I saw on the Retriever Forum that EE is not working. I checked using my PC and I also got a message that the site is corrupt. I checked the times and dates on my PC to make sure they are set up correctly, and they are. I did not try to access using CROME....just my Yahoo...

Anyone have any ideas?


----------



## hollyk (Feb 21, 2009)

It's working for me on my I-Pad.


----------



## AmberSunrise (Apr 1, 2009)

FireFox gave me a warning that the site's security certificate had expired, but allowed me to override and get into the site. 

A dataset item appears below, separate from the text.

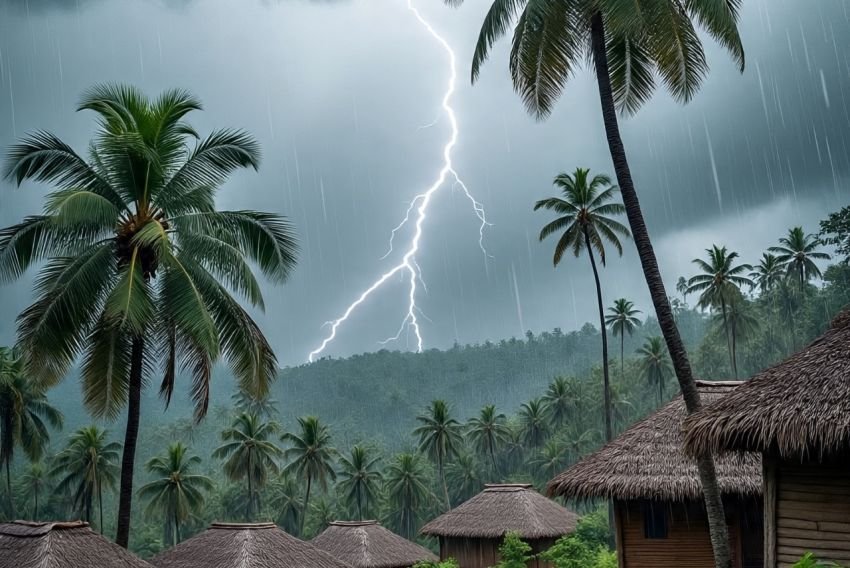 Prakiraan Cuaca Jawa Barat Hari Ini, Senin 14 Juli 2025: Hujan Ringan hingga Hujan Petir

the https: address was still displayed though.


----------



## AmbikaGR (Dec 31, 2007)

I am having the same issue with both Firefox and IE. Sent them an email yesterday but have not heard back as of yet.


----------



## hotel4dogs (Sep 29, 2008)

My AOL gives me an "expired certificate" warning but lets me over-ride it and get into the site.


----------



## AmbikaGR (Dec 31, 2007)

hotel4dogs said:


> My AOL gives me an "expired certificate" warning but lets me over-ride it and get into the site.



Makes me nervous when I get "Expired security certificate". :uhoh:


----------